Interviews:

Atwood,
Jim

Bundy,
McGeorge

Garthoff,
Raymond

Heym,
Stefan

Hosseni,
Margit

McNamara,
Robert

Rostow,
Walt



     
   

INTERVIEW WITH JIM ATWOOD-17.7.96

INTERVIEWER: This interview with Colonel Jim Atwood and it's on the seventeenth of July 1996 in Berlin and the roll is 10272. Mr. Atwood, just at the beginning, I would like you to describe the atmosphere in Berlin in August 1961 and also to kind of give us a bit of an impression of how much people actually knew what was going on and what was going to happen.

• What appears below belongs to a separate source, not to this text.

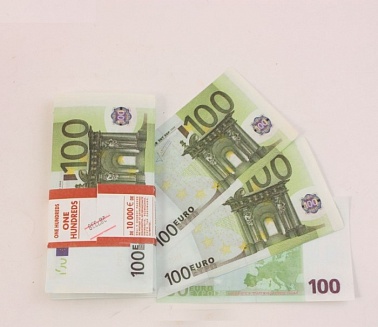 Купюра 100 евро 1 шт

JIM ATWOOD: Berlin in 1961 was a fantastic place to be from the standpoint of a career military officer, in that the, as people frequently say, the sidewalks were vibrating and in Berlin it was a rather tense situation in that at the time, the refugees were coming through the wall at a rate of five thousand, seven thousand, building up to as high as twelve to thirteen thousand a day, processing through the Marienfelder Refugee Centre. And it was a rather disconcerting period, in that one felt total sympathy with these people, who were making every attempt possible to come through the processing centre and you mentioned - let me back off - you said in August '61 the period of activity military-wise was every day increasing, it was like... it was building to a crescendo. And when the wall went up in Berlin on thirteen August of '61, we had absolutely no idea that a wall would go up and of course it didn't start as a wall in 1961 in the thirteenth of August. It began as a strand of barbed wire and it later became a daily a stronger fortification more difficult to penetrate. But the peak of activity with the allied military in Berlin was tense, it was electrifying, we felt that certainly something was going to happen, that the DDR regime would respond in some way to stem this flow of refugees, because they were losing their young men, they were losing their draft age soldiers, they were losing their technicians, their doctors, and it was a mass exodus out of the East. The facilities were very strained in Marienfelder. The processing was such that they were coming in such droves that it was like the people in the East anticipated that perhaps something was going to happen and it became a pace that was almost incomprehensible to believe that so many people were leaving. But it became a period of a looming crisis, yet no one knew what the crisis would be or when it would come.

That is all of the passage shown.